This project demonstrates a real-time voice conversation using Twilio (over phone) and Google's Gemini Multimodal Live API (via Vertex AI).
- Twilio: Handles the phone call and streams audio to this server via WebSocket.
- FastAPI Server: Receives audio from Twilio, transcodes it, and sends it to Gemini.
- Gemini (Vertex AI): Processes the audio and returns a generated audio response.
- FastAPI Server: Receives audio from Gemini, transcodes it back, and sends it to Twilio.
- Python 3.10+
- A Google Cloud Project with Vertex AI API and Cloud Run API enabled.
- Google Cloud CLI installed and authenticated (
gcloud auth login). - A Twilio Account and a purchased phone number.
-
Install Dependencies (Local Development):
pip install -r requirements.txt
-
Google Cloud Authentication:
gcloud auth login gcloud config set project YOUR_PROJECT_ID -
Deploy to Cloud Run:
We will deploy the container directly to Cloud Run. This handles the SSL and public URL for us.
./deploy.sh
- If prompted to enable APIs (Cloud Build, Cloud Run), say yes.

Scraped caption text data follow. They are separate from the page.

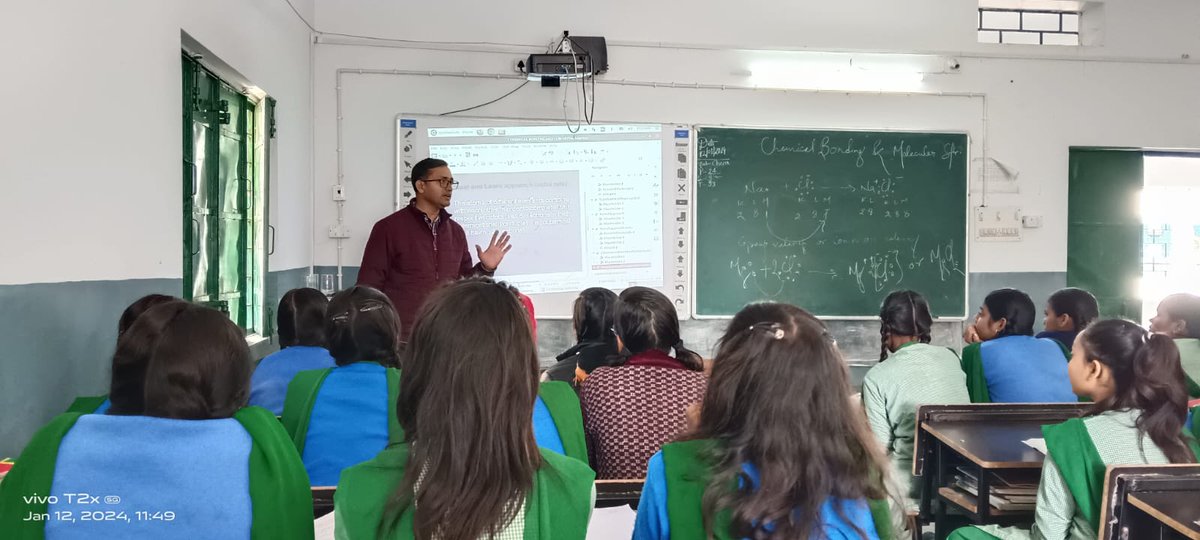 "शिक्षा का नया मानदंड,अपना झारखंड"
#CmSchoolofExcellence
<a href="/HemantSorenJMM/">Hemant Soren</a> 
<a href="/JharkhandCMO/">Office of Chief Minister, Jharkhand</a> 
<a href="/jharotef/">NMOPS / JHAROTEF</a> 
<a href="/JmmJharkhand/">Jharkhand Mukti Morcha</a>
<a href="/prabhatkhabar/">Prabhat Khabar</a> 
<a href="/JagranNews/">Dainik Jagran</a> 
<a href="/news11bharat/">News11 Bharat</a> 
<a href="/NMOPS_Vikrant/">VIKRANT SINGH 🎯</a>
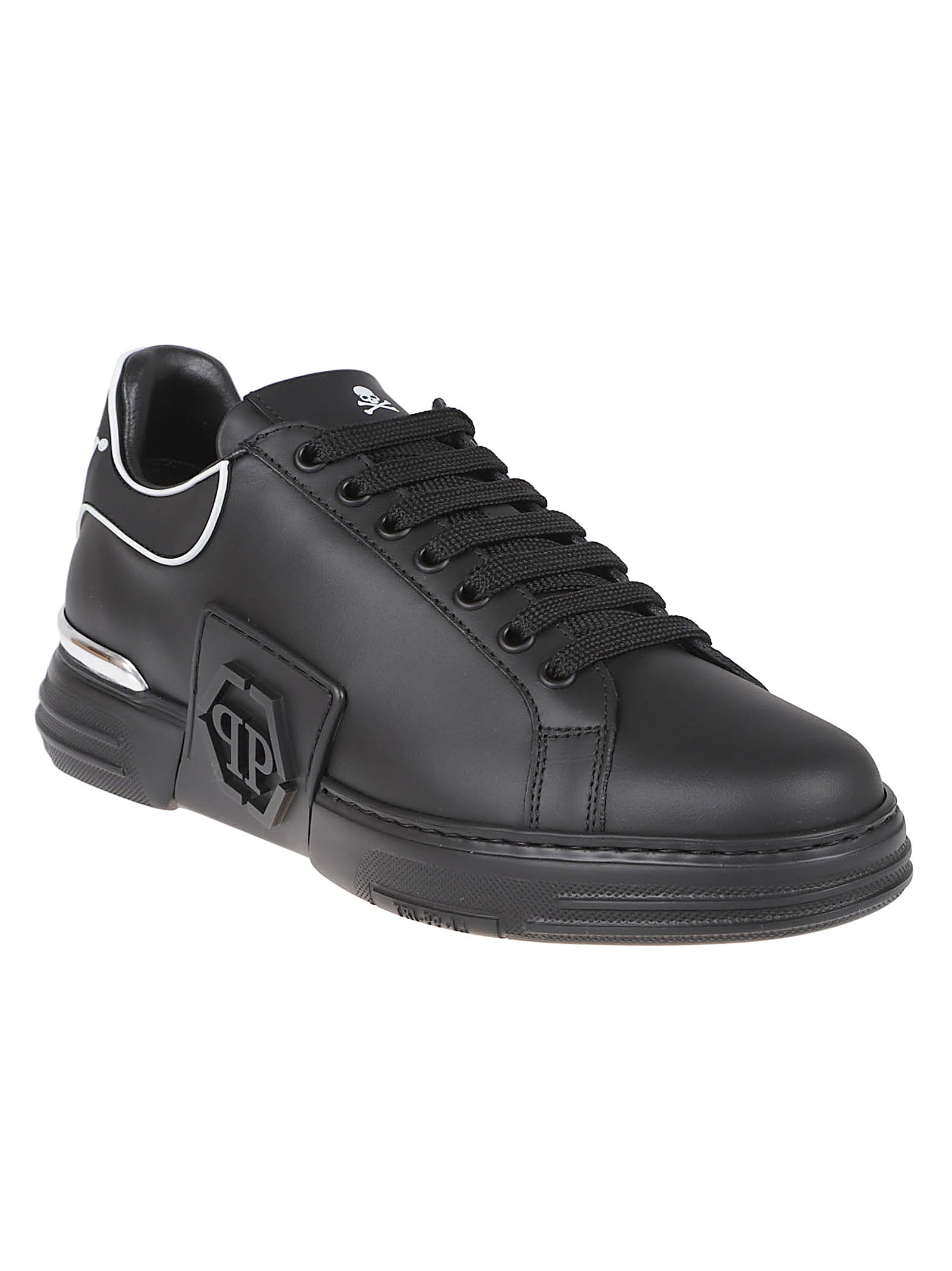 Low-Top Black Leather Sneakers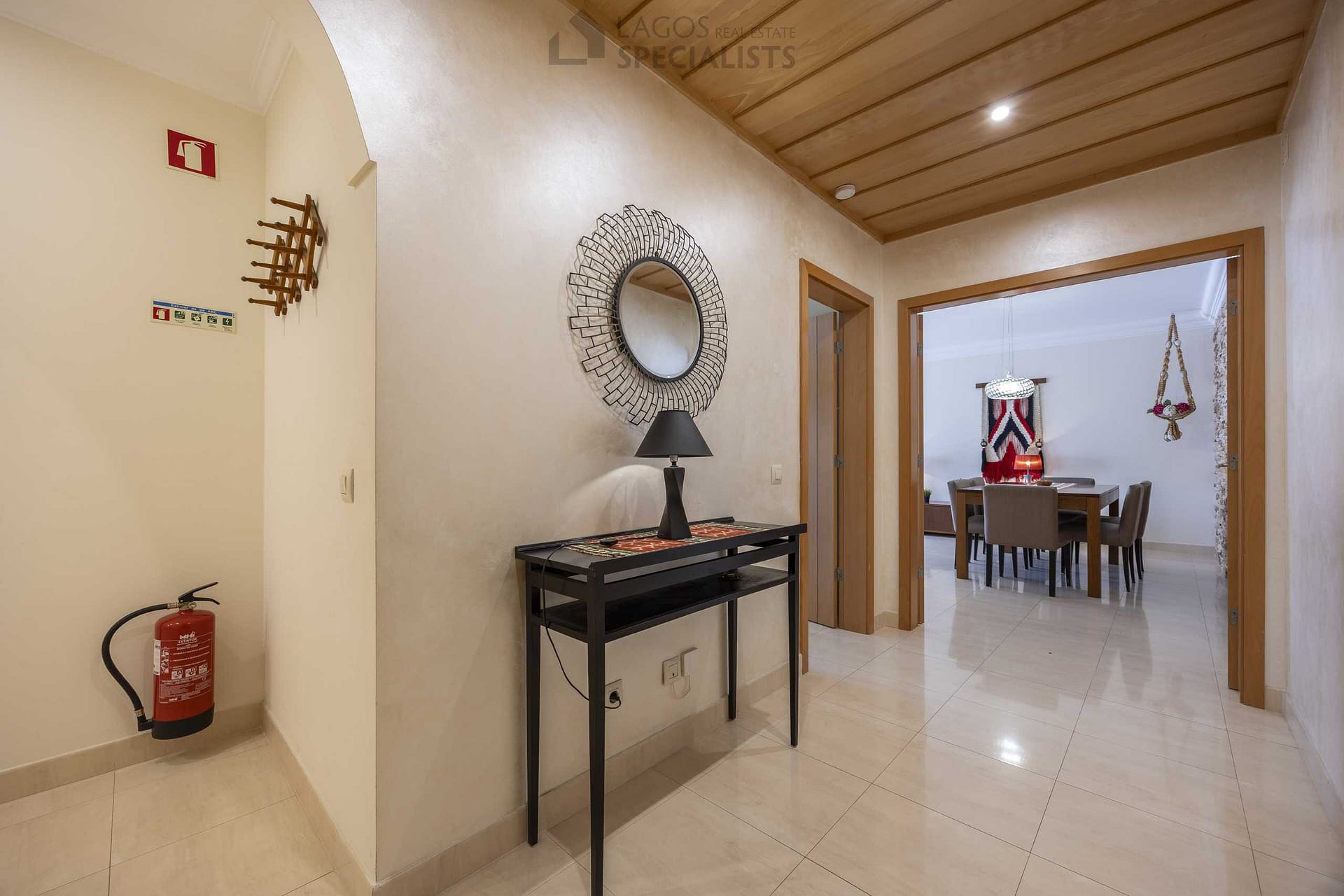 Spacious hallway apartment entrance - Lagos center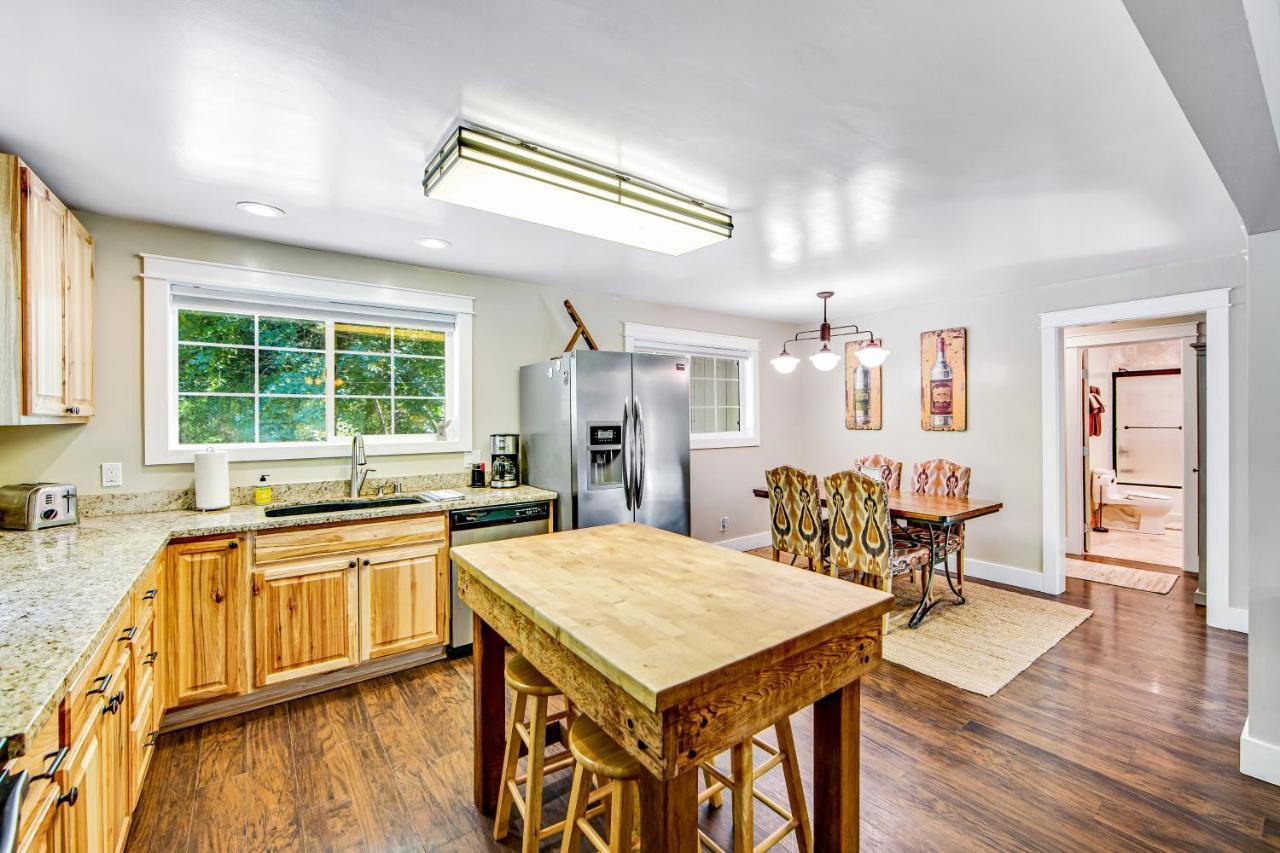 Orchard Near The River Escape Forestville Exterior photo
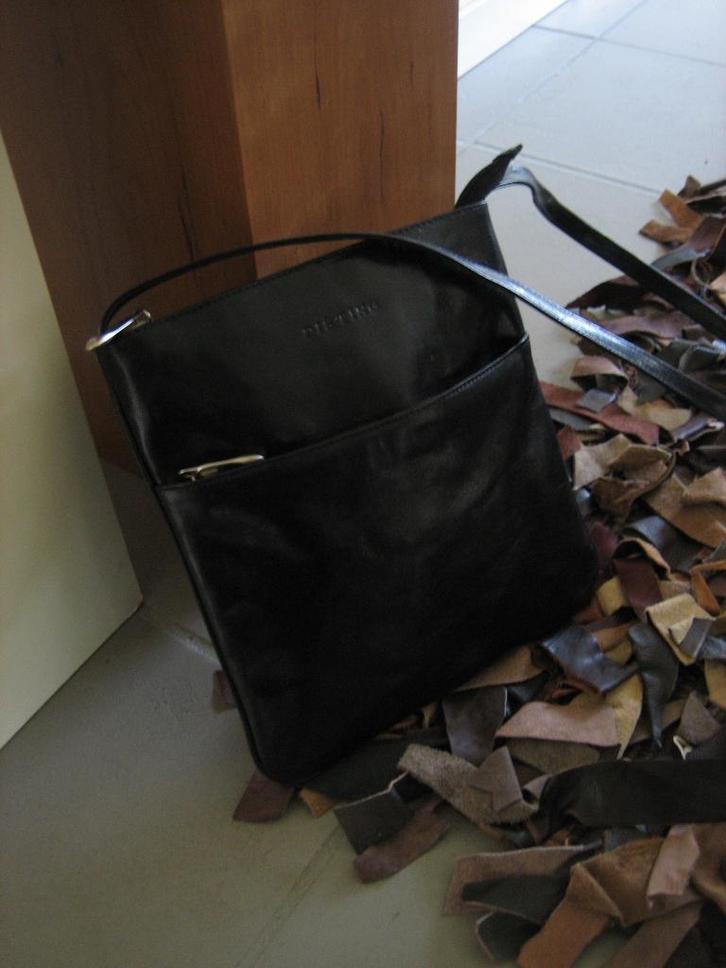 Mooie zwart leren schoudtertasje van DISTING, snazzeys, Sieraden, Tassen en Uiterlijk, Tassen | Damestassen, Nieuw, Schoudertasje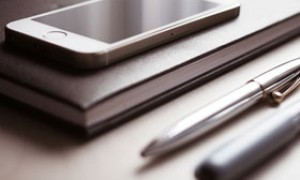 阿富汗与巴基斯坦冲突最新画面：大量子弹来回穿梭如激光 阿富汗多个哨所被炸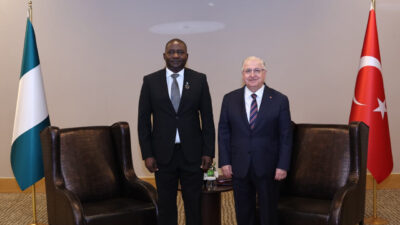 - Yaşar Güler, forum için Antalya'ya gelen Kosova Başbakan Yardımcısı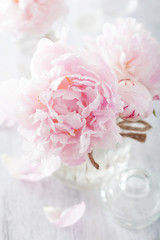 Piękny różowy bukiet kwiatów piwonii w wazonie - obrazy, fototapety, plakaty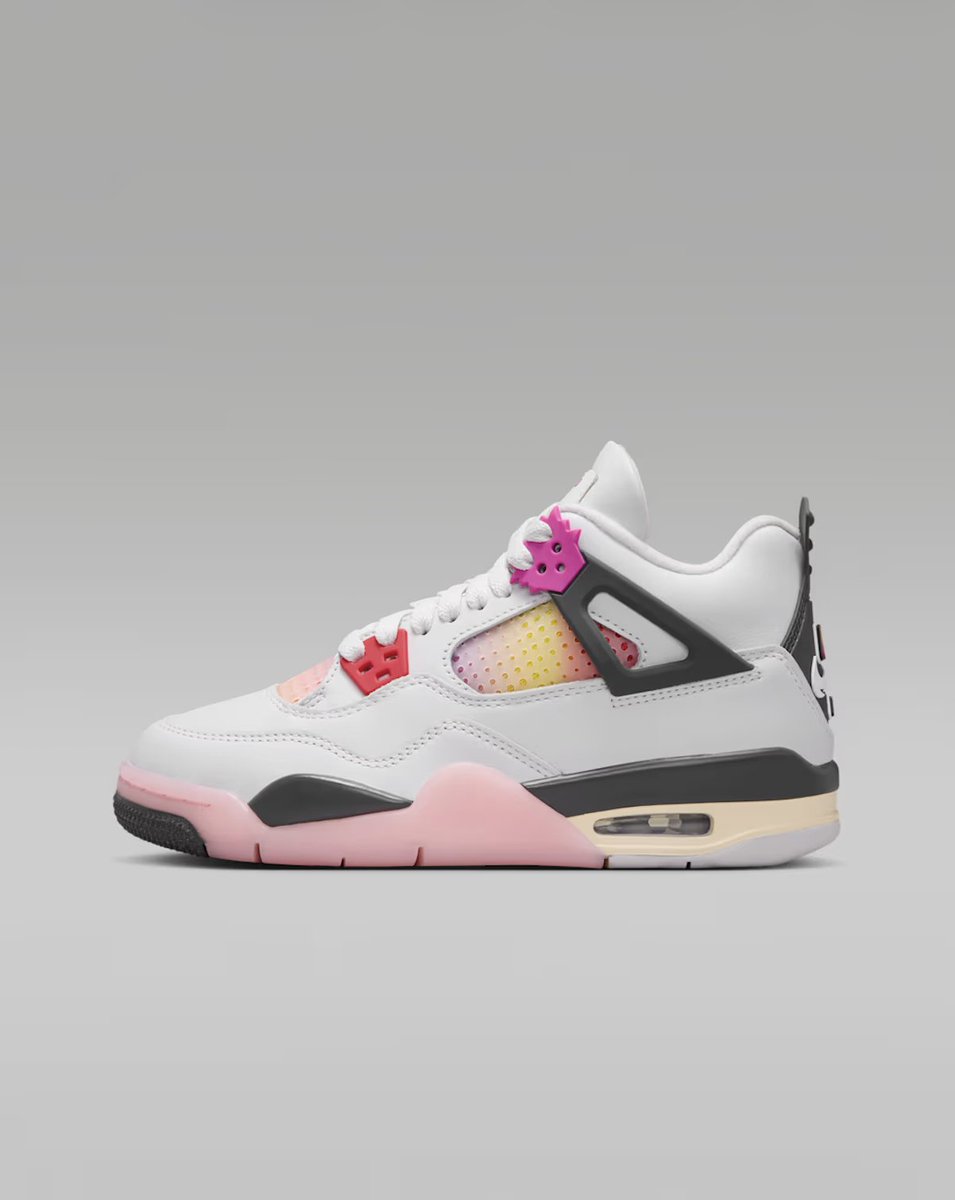 snkr_twitr's tweet photo. AD: Kids' Jordan Retro 4 'Comic' also dropping 7/25

G https://t.co/ViaDqS0VO3
P https://t.co/jHpJ1Yrza3
T https://t.co/O0iLRhsaPB https://t.co/x2rEetY5AY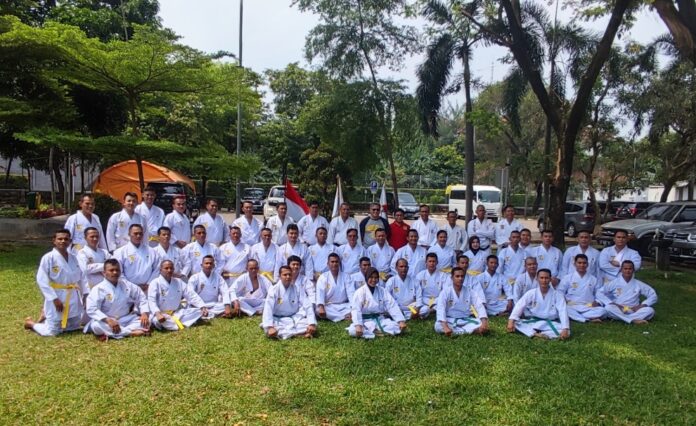 Bentuk Mental Jujur dan Tangguh, Elnusa Gelar Ujian Kenaikan Sabuk Karate 52 Sekuriti Bentuk Mental Jujur dan Tangguh, Elnusa Gelar Ujian Kenaikan Sabuk Karate 52 Sekuriti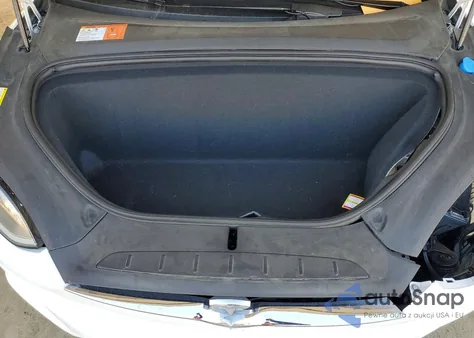 2016 Tesla Model X из США, поврежденный, VIN 5YJXCAE20GF002901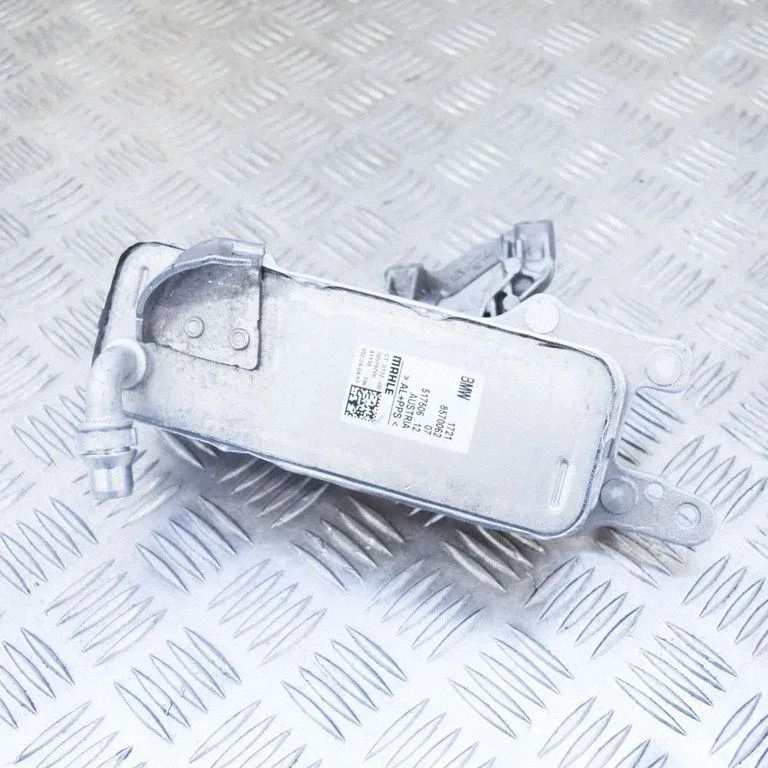 Motora eļļas radiators 51750612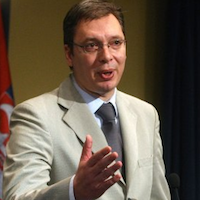 Serbie : un référendum pour valider l'accord sur le Kosovo ?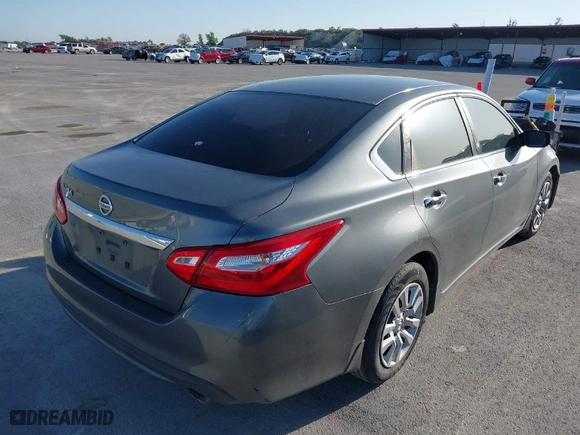 2016 Nissan Altima 2.5 SR with VIN 1N4AL3AP8GC181842, listed as a IAAI auction lot 41994344 with 104,393 mi miles. Bid and sale history available at carsss.com. Image 4.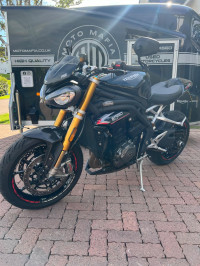 TRIUMPH SPEED TRIPLE 1200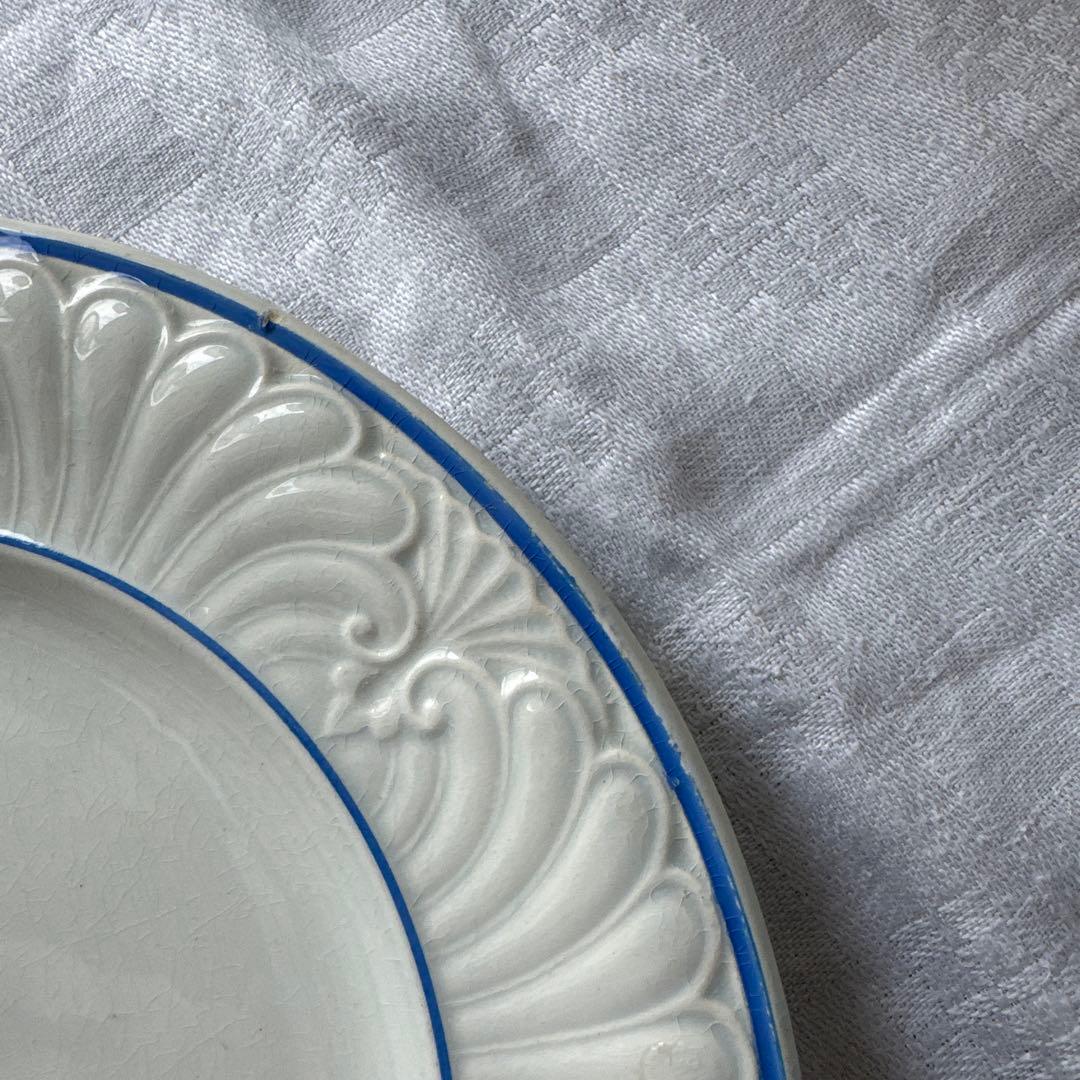 フランスアンティーク　クレイユモントロー　レリーフ皿　デザートプレート　平皿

- Once finished, it will output a Service URL (e.g.,
https://call-me-live-api-xyz.a.run.app).
-
Go to the Twilio Console.
-
Navigate to Voice > TwiML > TwiML Apps.
-
Create a new TwiML App (or update an existing one).
-
Set the Voice Request URL to your Cloud Run URL with the
/incoming-callpath:https://YOUR-CLOUD-RUN-URL.a.run.app/incoming-call -
Configure your Twilio Phone Number to use this TwiML App.
- Call your Twilio phone number.
- Speak to Gemini!
- Hosting: Google Cloud Run (Serverless Container).
- Audio Format: Twilio uses G.711 mulaw at 8000Hz. Gemini uses PCM (Linear 16-bit) at 24000Hz.
- Transcoding: The
audiooplibrary is used to convert between these formats in real-time.